READING: EPHESIANS 4:17-24
Verse 17: “This I say, therefore, and testify in the Lord, that you should no longer walk as the rest of the Gentiles walk, in the futility of their mind,”
Our human tendency is to try to figure things out. It comforts us when we understand that conditions are working profitably. However when circumstances feel threatening or out of control, the desire to understand escalates. This can feel greater than just a desire and more like a need. If the pressure continues to increase, the need can become more imperative. It becomes a demand! That may then be followed by desperation.
Although the natural urge for this type of understanding is very strong, the Apostle Paul warns us to resist it. He teaches that it is futility to trust the human mind. In verse 18 he gives the reason to not trust natural understanding. We are told that alienation from the life of God has darkened human understanding.
However, darkened understanding does not necessarily generate a “woe is me - all is lost” situation. There is a godly alternative! Instead, according to this passage of scripture, we should learn Christ and be renewed in the spirits of our minds. Then through this newness of mind, all of the understanding we need can flow from the divine, ever-present provision and power of His Lordship. It becomes His understanding that gets imparted to our lives for every good thing. That’s a thought – about God’s Word.
RESPONSE
1. What does darkened human understanding have on a person?
2. What is the right response when a person begins to feel the pressure to understand in the natural?
Week Twenty – Monday
SQUARE ONE
READING: ACTS 26:19-23
Verse 20: “but declared first to those in Damascus and in Jerusalem, and throughout all the region of Judea, and then to the Gentiles, that they should repent, turn to God, and do works befitting repentance.”
In this verse Paul disclosed what he preached. His message was simple as it presented a mandatory order in three steps. The first step was repent, the next to turn to God, then finally to do works.
Sometimes people try to tamper with the order. They attempt to use works in order to turn to God. Here is an illustration. It begins with a derelict person. He is lying in a gutter in his own filth. His thoughts are only of how to get more drugs or alcohol. In that very state of being he is offered the love of God. He wants desperately to accept this offer, but considers himself totally unworthy. He therefore begins to work to make himself worthy. That is too much for him to accomplish and he ends up back where he started.

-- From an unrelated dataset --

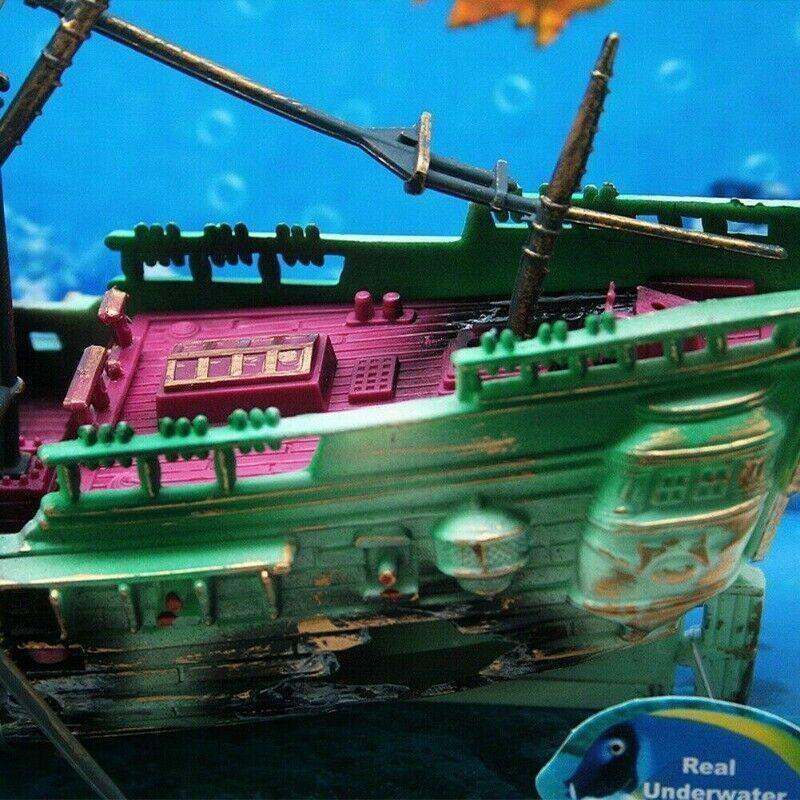 Split Wreck Ship Aquarium Decor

If only this man had begun by accepting what had been offered. In that manner God's love would have been his means to receive the worthiness he desired. Anyone like the derelict who seeks "works befitting repentance" must follow the established order. Before anything else, that person must repent and turn to God. That’s a thought – about God’s Word.
RESPONSE
1. How common is the problem of pursuing the wrong order?
2. Is there anyone you can help to get into the right order?